I have a 65' Tempest with a 67' YT 400 with 670 heads and TH400. I purchased the car a year ago and have been driving it every day since. As far as i know it is stock and now i am having valve train issues so i feel like it is time to rebuild the top end of the motor. So i will be replacing cam, timing gear, lifters,springs, rockers and push rods. I want to drive it on the street 75% of the time and take it to the strip the other 25%. So I am looking for suggestions on cam kits. I was thinking this one https://www.summitracing.com/parts/cca-k51-240-4. Please let me know if this one would be good or should i go smaller on the cam.


----------



## RMTZ67 (Mar 12, 2011)

*cam*



Nelson Musgrave said:


> I have a 65' Tempest with a 67' YT 400 with 670 heads and TH400. I purchased the car a year ago and have been driving it every day since. As far as i know it is stock and now i am having valve train issues so i feel like it is time to rebuild the top end of the motor. So i will be replacing cam, timing gear, lifters,springs, rockers and push rods. I want to drive it on the street 75% of the time and take it to the strip the other 25%. So I am looking for suggestions on cam kits. I was thinking this one https://www.summitracing.com/parts/cca-k51-240-4. Please let me know if this one would be good or should i go smaller on the cam.

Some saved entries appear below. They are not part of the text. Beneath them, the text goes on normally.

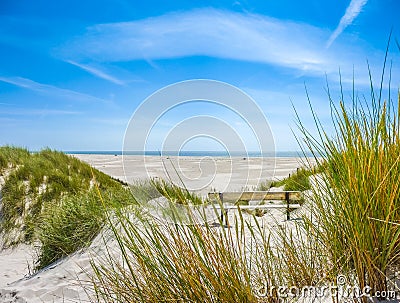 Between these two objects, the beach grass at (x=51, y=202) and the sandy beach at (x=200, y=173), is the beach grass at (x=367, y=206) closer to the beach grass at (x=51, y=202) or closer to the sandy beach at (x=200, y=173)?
the sandy beach at (x=200, y=173)

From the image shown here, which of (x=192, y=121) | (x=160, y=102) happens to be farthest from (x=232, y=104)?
(x=160, y=102)

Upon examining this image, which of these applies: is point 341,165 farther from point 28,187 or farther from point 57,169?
point 57,169

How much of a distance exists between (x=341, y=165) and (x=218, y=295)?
1101 mm

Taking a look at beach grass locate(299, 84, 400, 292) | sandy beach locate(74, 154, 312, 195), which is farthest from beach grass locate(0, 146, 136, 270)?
beach grass locate(299, 84, 400, 292)

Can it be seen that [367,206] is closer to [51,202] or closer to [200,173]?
[51,202]

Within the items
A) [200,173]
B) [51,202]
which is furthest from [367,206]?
[200,173]

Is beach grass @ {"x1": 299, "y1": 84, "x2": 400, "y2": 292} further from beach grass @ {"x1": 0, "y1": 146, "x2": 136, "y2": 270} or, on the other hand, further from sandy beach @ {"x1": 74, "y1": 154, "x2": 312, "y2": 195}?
beach grass @ {"x1": 0, "y1": 146, "x2": 136, "y2": 270}

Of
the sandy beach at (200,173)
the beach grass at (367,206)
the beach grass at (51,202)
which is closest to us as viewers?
the beach grass at (367,206)

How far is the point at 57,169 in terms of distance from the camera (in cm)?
845

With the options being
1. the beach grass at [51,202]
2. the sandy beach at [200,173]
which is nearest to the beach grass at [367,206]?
the sandy beach at [200,173]

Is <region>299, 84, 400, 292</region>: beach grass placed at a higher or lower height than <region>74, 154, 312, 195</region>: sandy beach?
higher

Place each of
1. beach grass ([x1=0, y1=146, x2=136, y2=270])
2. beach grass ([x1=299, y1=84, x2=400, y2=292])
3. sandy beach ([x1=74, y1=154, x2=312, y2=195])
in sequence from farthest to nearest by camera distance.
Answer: sandy beach ([x1=74, y1=154, x2=312, y2=195]) < beach grass ([x1=0, y1=146, x2=136, y2=270]) < beach grass ([x1=299, y1=84, x2=400, y2=292])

look up the the 068 cam specs. that is a good choice. I just purchased one from a pontiac rebuilder on Ebay. fpaul is the name. I got my cam,double roller timing chain, oil pump,valve springs,lifters, studs, poly locks from him. Get on ebay punch in 068 cam and look for him. wealth of info.


----------



## bigD (Jul 21, 2016)

That 292 Magnum cam would be real nasty in a street 400. Definitely NOT a good choice. 

A Summit 2801 would probably be a decent street/strip choice, and about the cheapest thing out there. It's sorta like a higher lift version of the Pontiac 068 cam.

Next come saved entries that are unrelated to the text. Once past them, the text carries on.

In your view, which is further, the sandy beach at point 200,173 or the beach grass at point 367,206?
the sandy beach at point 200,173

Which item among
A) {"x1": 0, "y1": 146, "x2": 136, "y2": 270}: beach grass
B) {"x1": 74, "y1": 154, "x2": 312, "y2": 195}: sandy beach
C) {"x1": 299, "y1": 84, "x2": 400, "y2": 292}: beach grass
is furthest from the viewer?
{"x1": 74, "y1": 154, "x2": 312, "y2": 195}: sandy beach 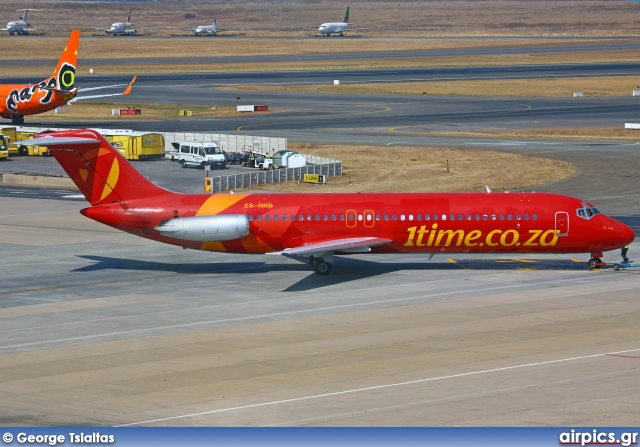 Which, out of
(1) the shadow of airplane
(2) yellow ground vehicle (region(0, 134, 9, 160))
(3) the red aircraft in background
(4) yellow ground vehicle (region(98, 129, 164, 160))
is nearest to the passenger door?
(1) the shadow of airplane

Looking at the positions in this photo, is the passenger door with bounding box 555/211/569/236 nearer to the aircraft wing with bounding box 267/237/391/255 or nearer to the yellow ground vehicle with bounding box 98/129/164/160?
the aircraft wing with bounding box 267/237/391/255

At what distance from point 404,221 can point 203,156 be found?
46.7 m

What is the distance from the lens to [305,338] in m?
39.1

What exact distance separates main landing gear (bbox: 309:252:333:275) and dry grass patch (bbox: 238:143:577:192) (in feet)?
93.1

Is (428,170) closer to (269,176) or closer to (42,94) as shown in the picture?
(269,176)

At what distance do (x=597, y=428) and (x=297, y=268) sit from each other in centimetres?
3024

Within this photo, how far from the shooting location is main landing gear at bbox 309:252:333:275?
169ft

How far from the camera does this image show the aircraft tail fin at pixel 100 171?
169 ft

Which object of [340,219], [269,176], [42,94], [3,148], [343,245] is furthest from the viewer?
[42,94]

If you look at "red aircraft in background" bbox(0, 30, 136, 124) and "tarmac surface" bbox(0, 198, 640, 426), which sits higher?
"red aircraft in background" bbox(0, 30, 136, 124)

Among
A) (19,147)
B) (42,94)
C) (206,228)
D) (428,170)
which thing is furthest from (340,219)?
(42,94)

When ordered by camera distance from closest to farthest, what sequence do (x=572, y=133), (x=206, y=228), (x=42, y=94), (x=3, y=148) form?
(x=206, y=228)
(x=3, y=148)
(x=572, y=133)
(x=42, y=94)

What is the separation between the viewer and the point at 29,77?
171 metres

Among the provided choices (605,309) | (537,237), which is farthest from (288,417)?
(537,237)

https://www.summitracing.com/parts/sum-2801

Next thing up from that would probably be something like a Lunati 10510312.

http://www.lunatipower.com/Product.aspx?id=1759&gid=278

Then a Summit 2802 is another step up.

https://www.summitracing.com/parts/...-RzGGxietZQw_KF_FlLQq1jbmLPSeP7RoCJdgQAvD_BwE

Here's a Crane & a Howards, in that same neighborhood.

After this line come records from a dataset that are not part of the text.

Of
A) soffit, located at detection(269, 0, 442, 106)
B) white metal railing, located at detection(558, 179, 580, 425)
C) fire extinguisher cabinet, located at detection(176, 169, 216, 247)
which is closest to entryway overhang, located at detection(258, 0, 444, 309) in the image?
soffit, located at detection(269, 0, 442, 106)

https://www.summitracing.com/parts/...EixRF9nyONKDNg0eySh9VIuf6FmIYCaIaAusEEALw_wcB

https://www.summitracing.com/parts/hrs-410141-12

Bigger cams will give you more top end power, but a rougher idle, and less low end torque & vac.

https://www.crower.com/camshafts/pontiac-287-455-compu-pro-hydraulic-cam-284-hdp.html

https://www.summitracing.com/parts/hrs-410051-14/overview/make/pontiac


----------



## Nelson Musgrave (Aug 8, 2017)

ok thank you for the information!


----------



## Nicholas (Jan 16, 2017)

Not offering advice, but instead, sharing an experience. I recently installed a Lunati Voodoo 262/268 in my '71 GTO with a stock 400 engine. This cam serves my purpose, but I really don't have anything to compare it to. The motor runs well and has adequate power, but I do think it is a little sluggish. Maybe not the cams fault. Good idle and response. About 17-18 inches of vacuum. This cam came highly recommended by a few who I admire and respect their advice. I have no regrets. The cam I removed was also a Lunati. High performance. Thought it was choking the engine. Best wishes with your selection.


----------